Price has some ideas for potential markets that have yet to be explored. “The market opportunities that we’re looking to develop would not be similar to those out west,” he says. Rather, opportunities may lie in markets where there is limited demand and perhaps qualifications that require segregation. Plus, he states, producers that have grown potatoes are familiar with intensive management, so they have a demonstrated ability “to do intensive or close monitoring-type management. So putting something in here that would be a specialty would be a good possibility.”
One of these specialty applications might involve the aquaculture industry, says Price. “We have a tremendous salmon aquaculture industry in the Bay of Fundy, and it consumes as much livestock feed as the terrestrial livestock do in the province.
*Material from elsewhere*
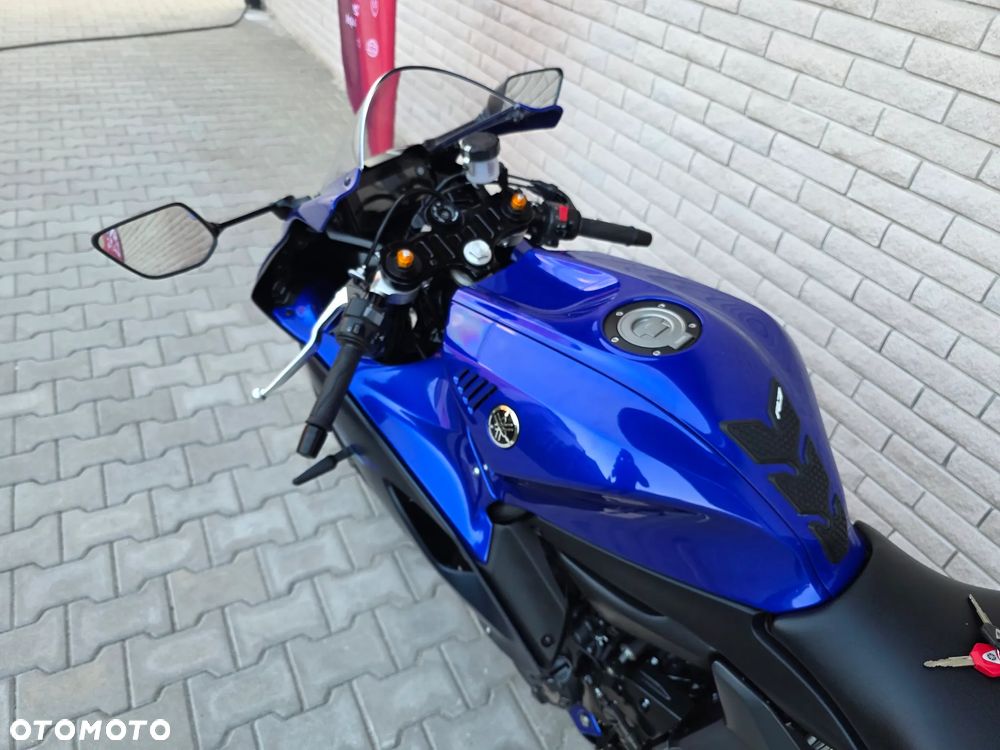 Yamaha R7 - 17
There is potential for that to evolve and command specialty products to brand the fish produced,” for example, by altering the fatty acid composition of the fish meat. Or soybean may simply provide an alternative plant-based source of protein for the fish diet, as for livestock.
The market for industrial soy products remains virtually untapped. Such products include soy-based plastics and foams, lubricants, solvents, inks and coatings, and adhesives. Some of these products can replace fossil fuel-based products or industrial chemical ingredients such as urea formaldehyde that can be harmful to human health.
The main challenge to increasing soybean acres is simply the development of markets. “Our main market definitely is the livestock feed,” says Price. “What we’re struggling with is to develop alternative markets. We see alternative opportunities coming up, but we haven’t realized them yet like other areas because of our size.” New companies need to know that a supply is available before investing in local infrastructure.A challenge for the grower is the investment in new equipment and production practices that is required to accommodate another crop. If the grower already grows grain and has a grain seeder, the investment is minimal says MacDonald. And compared to potatoes, which must be planted, fertilized, sprayed up to 12 times per year, harvested, and then packed, soybean takes much less management. For his particular market, MacDonald says, “When you get away from the genetically modified varieties, your cropping practices are different in that you can’t spray Roundup on the crop after it comes up. You very much have to be on top of weed management.” Pests and diseases have not been serious challenges. Although aphids are present, Price says that they have not caused notable yield reductions. He says that white mould can be a problem in the humid climate of New Brunswick, but van Roestel says that it is a minor problem in Nova Scotia.Van Roestel cites two other challenges: nodulation and climate. “I think we’re not getting adequate nodulation in some fields, and that’s either from not properly applying the inoculant or from cold, wet soil conditions in late May or early June.” In addition to wet springs, drought can be a problem in July and August, which may cause pods to abort.No one can predict the future of soybean in Atlantic Canada. However, if soybean prices remain high, production increases, and markets are explored and developed, it could be a good crop for growers to add to their repertoire.